倉山満 保守の心得 感想

NO IMAGE

 

 またまた、倉山満先生の新刊。今年出た本を、「常識から疑え!山川日本史 上」から数えたら、なんともう4冊目!!しかも「山川日本史 下」が5冊目でもう発売しており、明日amazonから届きます。倉山先生の本だけで読むのが追いつかないペースです。執筆に講演に、大学の授業もなさってるのかしら?先生過労死しないでね。

 「はじめに」で私たちの住んでいる日本がいかに素晴らしい歴史と伝統を持った国であるかが語られます。しかし、現在ではそれが失われつつあり、なおかつ、それを意図的に破壊しようとしている勢力があります。自虐的な教育を受けながらも、それがおかしいことに気づき、何とかこの国を守りたい、そのためにはどうしたら良いのか、最低限でもこれだけは知っておいてほしい、という倉山先生の思いから書かれた本です。

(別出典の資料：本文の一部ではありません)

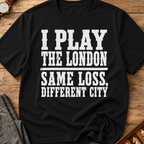 I Play The London T-Shirt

 耳触りの良い言葉であふれている本ではありません。「政党の近代化」「財政」「外交」「憲法」など、現在の日本における深刻な問題について書かれていて、この国を守るための覚悟を迫られます。

 厳しい言葉の中に、今つらい思いをして生きている人たちに、何とか生き抜いてほしいという、気持ちが垣間見えます。私も倉山先生と同世代なので、働き始めたときはバブルは崩壊しており、景気は悪くなる一方、このまま暮らしていて、老後は大丈夫なのか、とリアルに考えてしまいます。

 結局、お金がなければ、ちゃんと食べていける状況に無ければ、天下国家のことを語っても聞く耳をもってもらえない。まずは経済を立て直さなければ始まらない。そのために、日本銀行の政策を変えさせ、増税を止めるための活動を倉山先生たちが必死に行っていたことを知っています。ただ、理想を語るだけでなく、本当に世の中を変えるために動いてきた人の言葉をかみしめながら、この本を読み進めました。

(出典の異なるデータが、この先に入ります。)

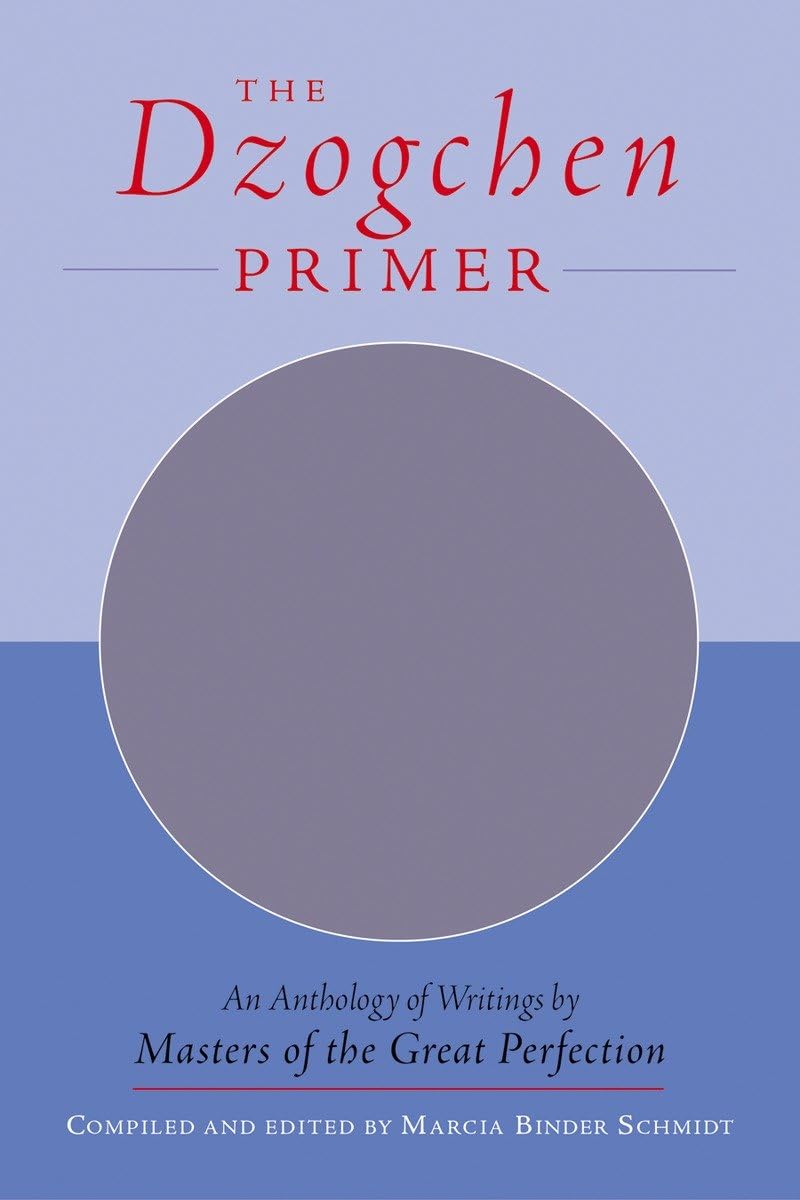 The Dzogchen Primer: An Anthology of Writings by Masters of the Great Perfection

 「おわりに」で、倉山先生は、空気を読むこととは人の気持ちを慮ることで、それは日本人の大切な伝統であるが、それが今失われつつある、と言っています。それを何とか食い止め、私たちはこの国を守り、次の世代へ残すためにどのように行動するのか。すべての人に考えてほしいと思います。

※こちらの記事は平成26年3月13日に書かれています。